In the afternoon (early evening) I met with Patrizia (a friend of Monica) to go to an exhibition of the Japanese artist Kuzama, whose distinction is an obsession with creating repetitive patterns of dots, phalluses, triangles, and other simple motifs over canvases that sometime extend to 10 meters. She started this as a child, and so strong was her obsession that her mother took away her pens and forbade her to paint. She persisted, however, and over the following 50 years kept creating infinite tesselations in New York. At age 70 she came back to Tokyo and committed herself into a sanatorium, where she lives and works to date. At age 95 she has a full studio across the street from the sanatorium, where every morning she goes and works from 9 to 5. Unfortunately the exhibition consisted of a lot of details about her life but only one display: A closed room of 4 by 4 by 4 m, completely lined by mirrors (the floor is a thin layer of reflective water). From the roof hang maybe 100 strings of small Christmas lights, that through multiple reflections, turn into millions of reflected points of light. Every visitor gets one minute to go inside the room, with the road closed, to have a personal experience immersed in this repetitive pattern. When I started it looked to me like I had been transported to the middle of the galaxy, with swirls of starts expanding all around me. But then I changed my position, and all of a sudden I was inside the lattice of a crystal, staring down endless rows and planes of atoms repeating themselves on atomic scale. Funny contrast between going from the infinite vastness of a galaxy to the smallness of a crystal lattice.

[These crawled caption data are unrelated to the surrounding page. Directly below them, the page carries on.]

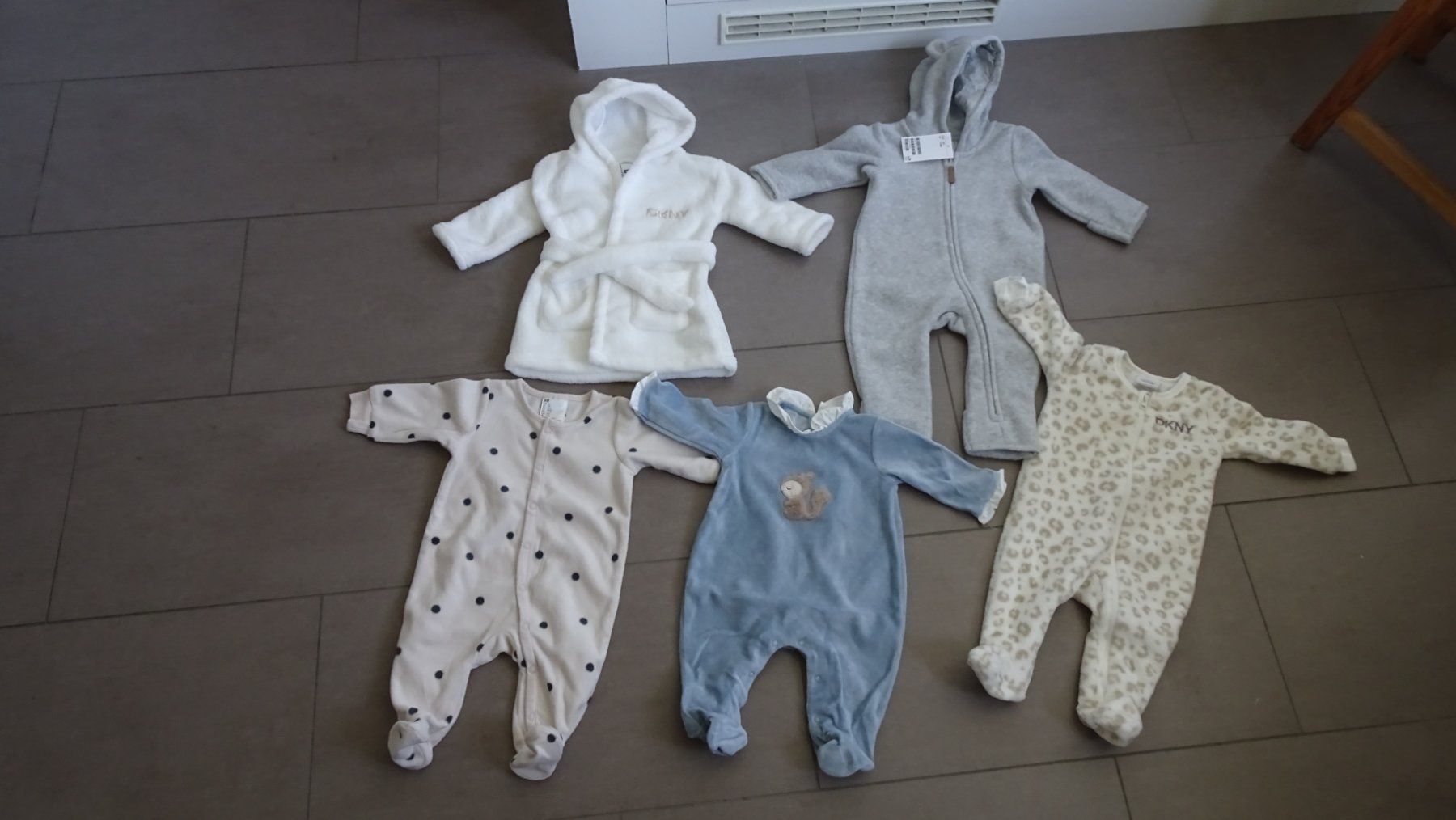 Lotti & Set di vestiti: Babykleider Gr. 62 Mädchen – Usato da Zürich venduto da blaumeisli62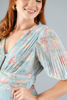 Imagen de Vestido Print Floral, Cuello V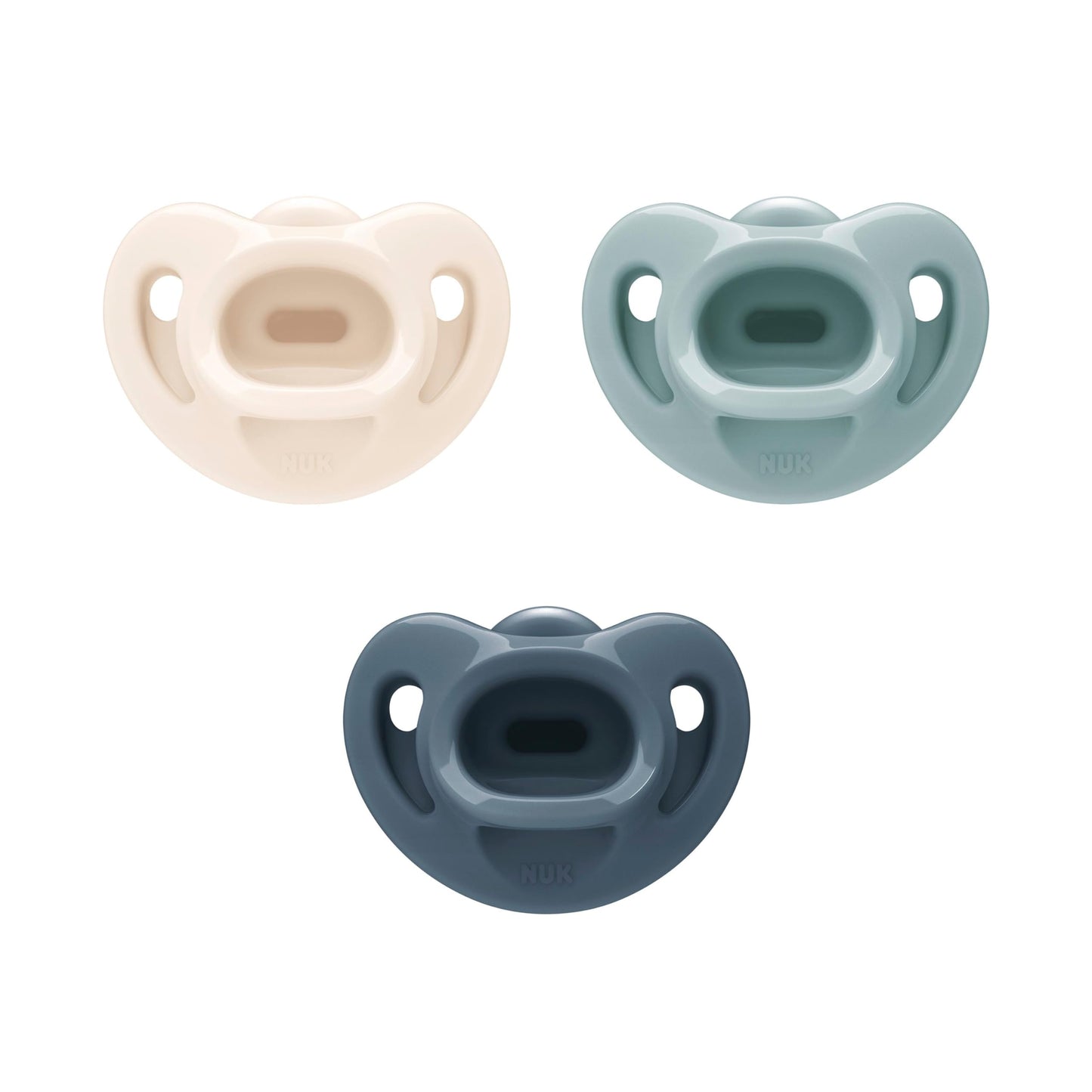 NUK Comfy Orthodontic Pacifiers - Tots Treasure Trove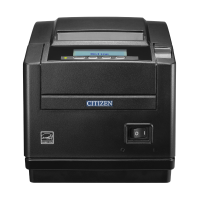 Imprimanta POS Citizen CT-S801III, DT, USB, neagra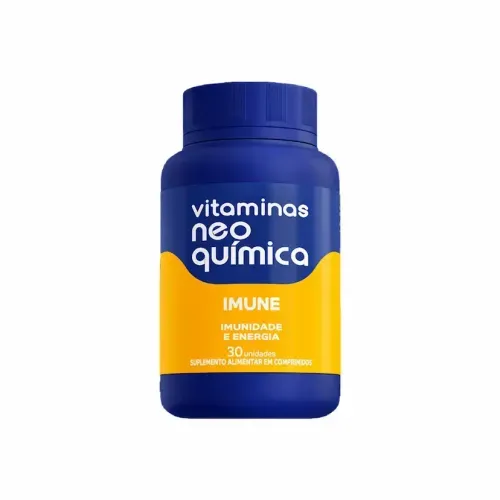 Vitamina Neo Química Imune com 30 Comprimidos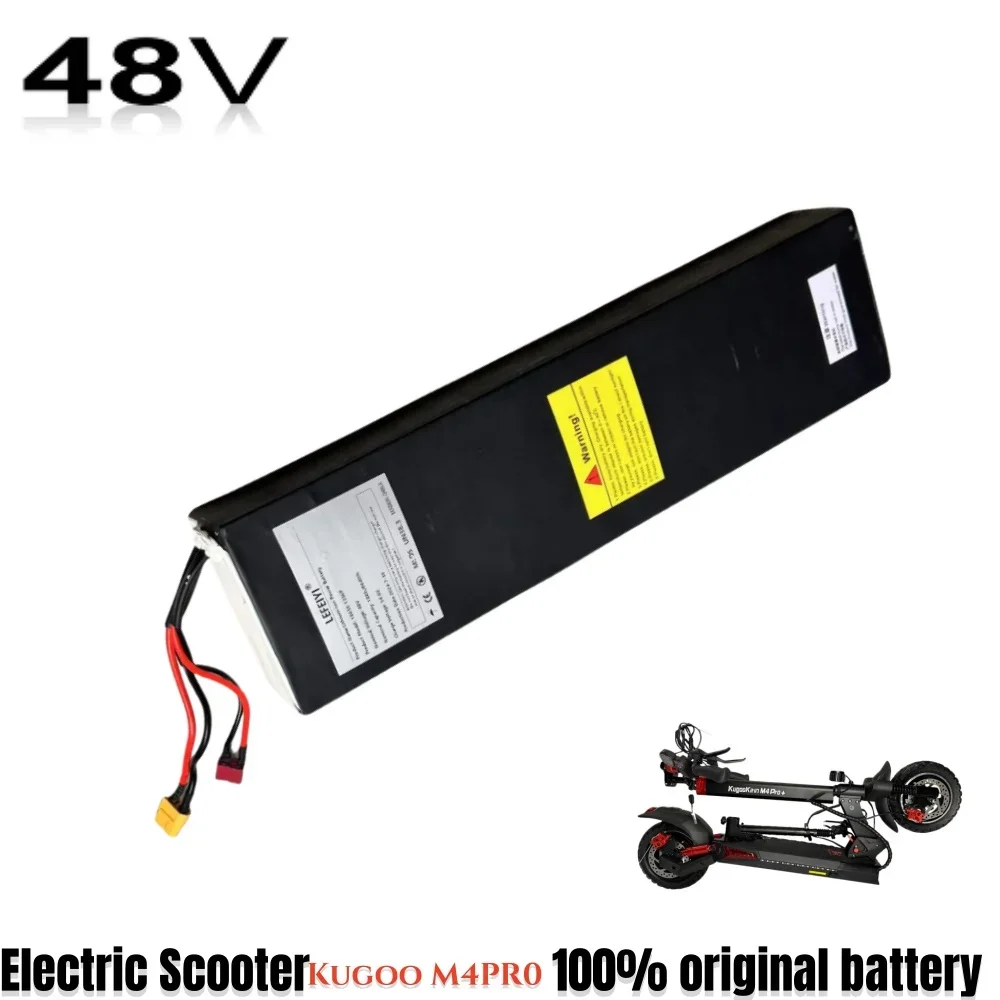 48V 21Ah Kugoo M4/M4Pro Electric Scooter Battery 1000W with MBS Battery Pack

Patrizia dropped me off at the bus station, to take the bus back to Monica's (the poor thing is sick with the flu and had to stay home to recover), but I was lured away by the lights of the Christmas market in downtown Bergamo, with its many booths, ice skating rink, and surrounding displays of municipal lighting. I did eventually made it back to Bariano, in time to meet Monica at the bus stop and come home to a tasty dinner.

My second full day I took the train to Pavia, on the Ticino River and just 3 km upstream of its junction with the River Po. I wanted to see the latter because of two reasons. First, it is the scenario where in the 50's and 60' Giovanni Guareschi located its Mondo Piccolo, inhabited by the colorful inhabitants of La Bassa, the formidable communist mayor Peppone, and the even more formidable parish priest Don Camillo. Peppone and Don Camillo were big strong men, who exemplified many of the social arguments between the Communists and the so-called Reactionaries in the years following World War II. Besides some clever fights and arguments between the two, the stories have the charming intervention of the Crucified Christ, Who from the main altar guides Don Camillo into reflecting carefully about his beligerant actions. As Guareschi warns us, these stories could only have grown in the flood plain of the River Po, where brains boil in the summer, flood during the rainy season, and freeze during the winter.

My second reason for wanting to visit the flood plain of the River Po, is because this is the rice growing region of Italy. Yes, it comes as a bit of a surprise, but Italy is a rice-producing country (witness the fondness of Italians for risotto). Again in the post-war years, there was not enough man power to harvest the rice, and immediately after plant the next crop. So Italy turned to woman power, by using the clever scheme of having the different parishes put together a dozen young women, chaperoned by one or two older ones, and send them to the fields to do the job for two or three months every year. The payment was in the form of a sac of rice the workers could take back home to feed their families for that year. There is an old movie called Rizo Amaro (Bitter Rice) that gives a nice novellated version of this interesting time in Italian history.

I had great fun walking down from Pavia to the River Po, but the way back was tough. My boots were not that comfortable and my feet were beginning to hurt (and without a good pair of feet I might as well be an invalid). I manage to get back to the city, and even visited some of the important sights, but I was completely spent by the time I got back to Bariano. I need to get a new pair of shoes. 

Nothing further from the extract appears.